These Germans were to serve as models for the Russian peasant farmer. In December 1762, she issued the first invitation to her German countrymen. This first proclamation brought little results. She sent her agents into the section of Germany that was busy fighting in the Seven Years' War. Her invitation held no special inducements. Six months later, July 1763, Catherine issued a new manifesto, a masterpiece of immigration propaganda, which became the foundation for Russia's colonization policy for the next hundred years.

Catherine published her invitation in the papers in Germany. She followed her notice by sending German speaking agents into areas where they found thousands of discontented people willing to listen to her message. Ishall list briefly the highlights of chat famous document.
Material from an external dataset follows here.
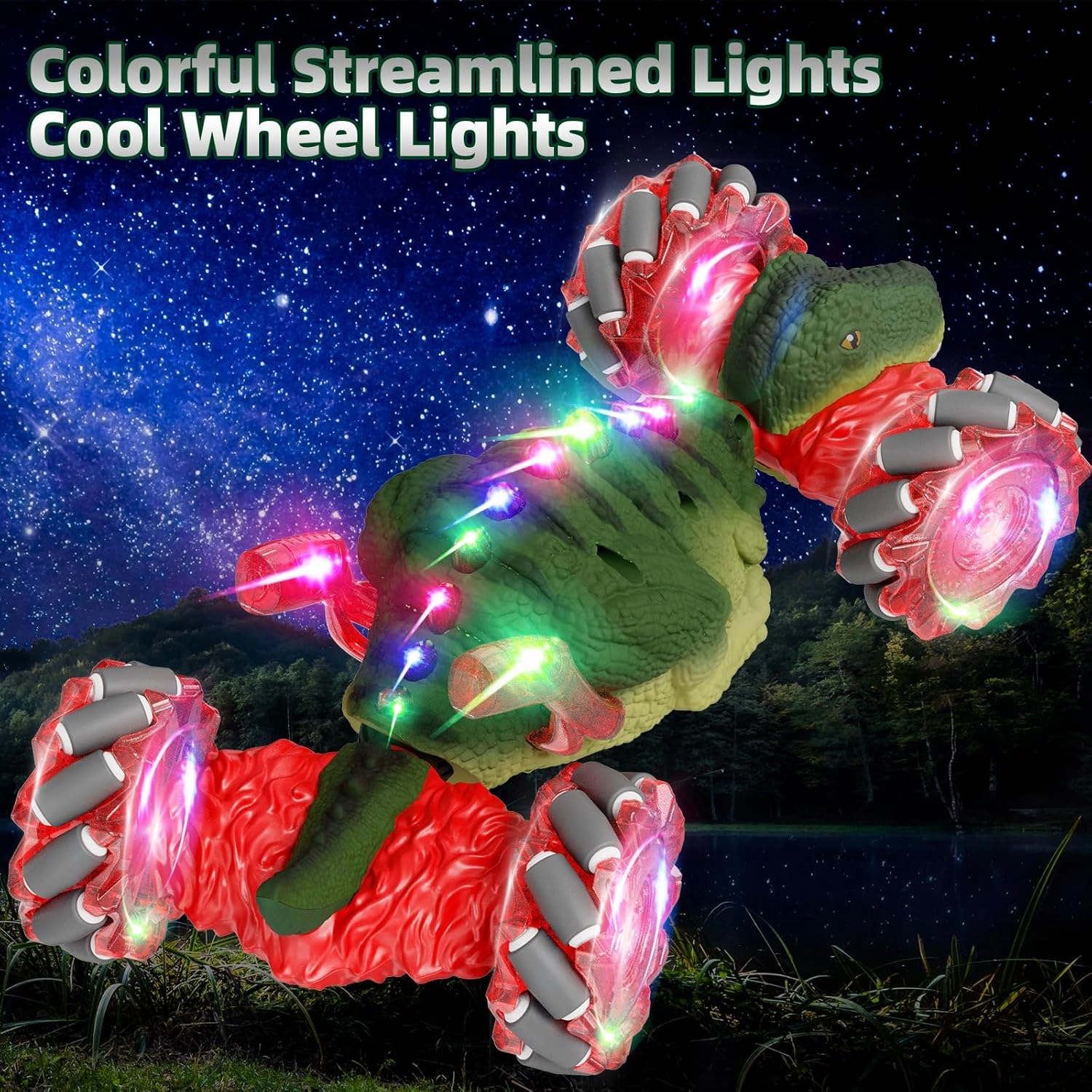 Dinosaur Remote Control Car, 2.4Ghz 4WD RC Cars with Dinosaur Sounds & Light Music, Gravity Gesture Sensing Remote Control Monster Truck Kids Toys, RC Stunt Twist Car Toys for Ages 4 5 6 7 8-13yr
1. Large tracts of free land, plenty of water, free timber.
2. Good opportunity to practice a trade or establish industries.
3. Interest free loans up to ten years.
4. Freedom from customs duties on goods brought into the country.
5. Free transportation to Russia.
6. The right to settle anywhere in the country.
7. Freedom from taxes for five to thirty years, depending on area.
8. No excise fees on new industries for ten years.
9. Exemption from military service for themselves and their descendants.
10. Local self government in colonies.
11. Full religious and academic freedom.
12. Free to leave again if they found Russia unsuitable.
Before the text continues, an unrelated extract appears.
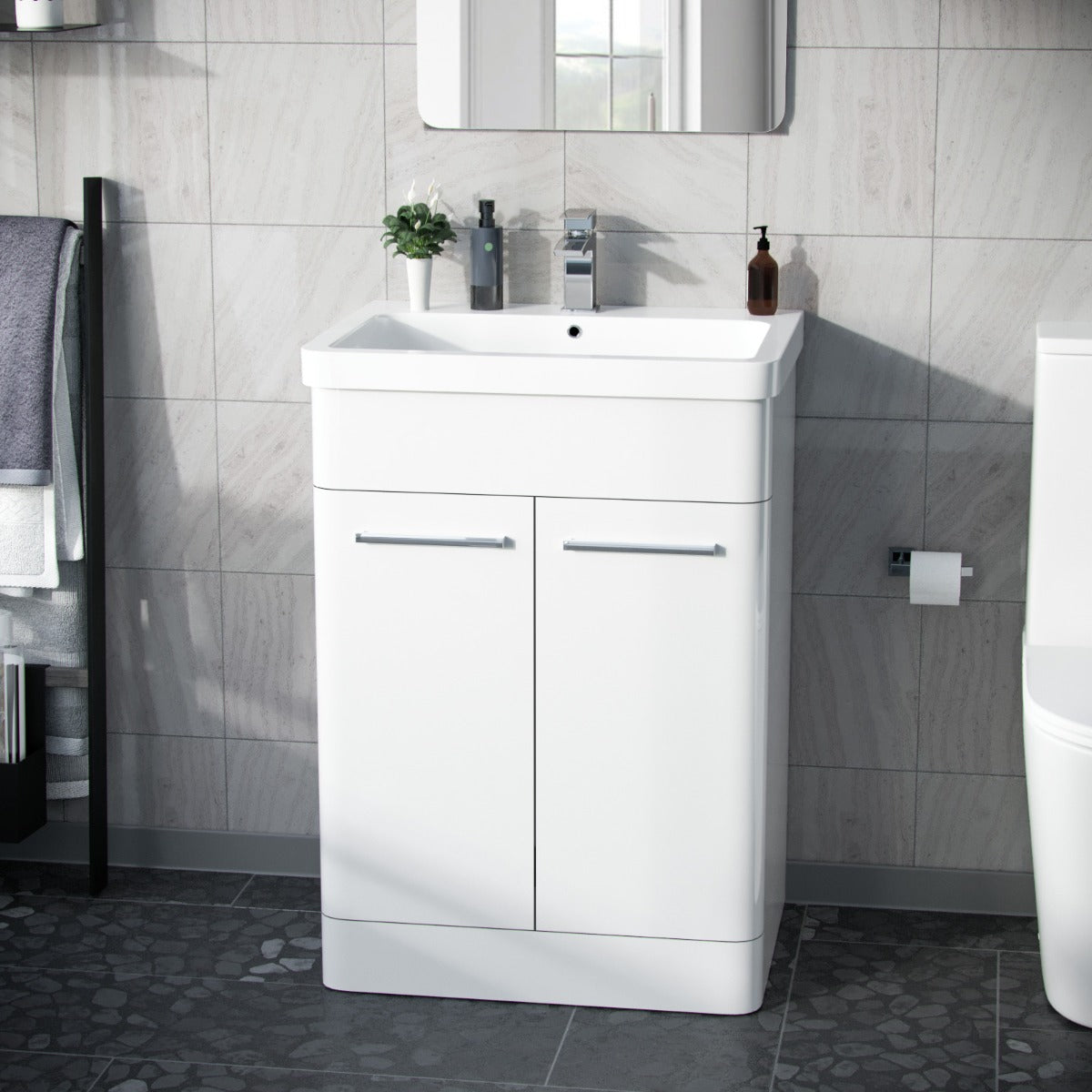 Afern 600mm MDF Vanity Unit Cabinet  & Wash Ceramic Basin White - Flat Pack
In addition to the above named benefits, the Russian government also agreed to some help with transportation and housing.

These Germans jumped at the chance for a better life for themselves and their children.
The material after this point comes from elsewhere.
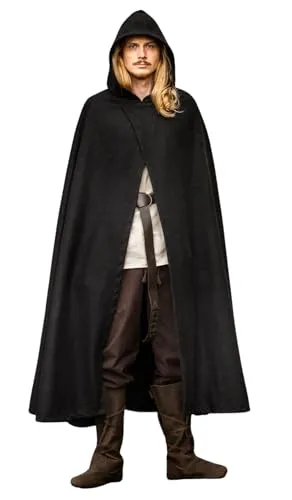 Leonardo Carbone® Unisex Umhang Thorian | Kapuze | Offene Front | Karneval, Halloween, Cosplay, LARP, Mittelalter, Kostüm, Gewand, Cape, Mantel, Wolle Schwarz Einheitsgröße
At that time Europe had engaged in many wars. The young men had to spend part of their lives fighting in some army. The cost of these wars kept the common man at the brink of starvation. Due to the high taxes imposed, the peasant lived in dire poverty.

At one time in history Germany enjoyed religious unity, but with the Reformation came religious conflicts which brought about small wars between independent states. If the ruling Prince or Duke was Catholic and another was Lutheran, this was reason enough for a war. The German peasant of 1763 did not have much to be happy about. He groaned under heavy taxes, his young sons were dragged off to fight in wars in which he had no interest, he was persecuted for his religious beliefs. Foreign as well as German armies had just devastated his fields, his cattle, and his home. Industry and trade had been disrupted. Poverty, unemployment, and malnutrition were widespread.

Catherine's message brought hope to those who dared not trope, and faith to those who dared not believe.

In order to survive they knew they could have to leave their homes, families and friends.


With a promise of a better life, the first German colonists prepared to leave their beloved fatherland. Before they could leave, all debts had to paid, arrangements had to be made for older family members staying behind, and decisions had to be made about what possessions to take and what to dispose of. Real estate, cattle, and furniture had to be sold. Food and clothing for the long journey had to be made ready. It was a time of much activity. There was an excitement in the air, but a sadness in the heart.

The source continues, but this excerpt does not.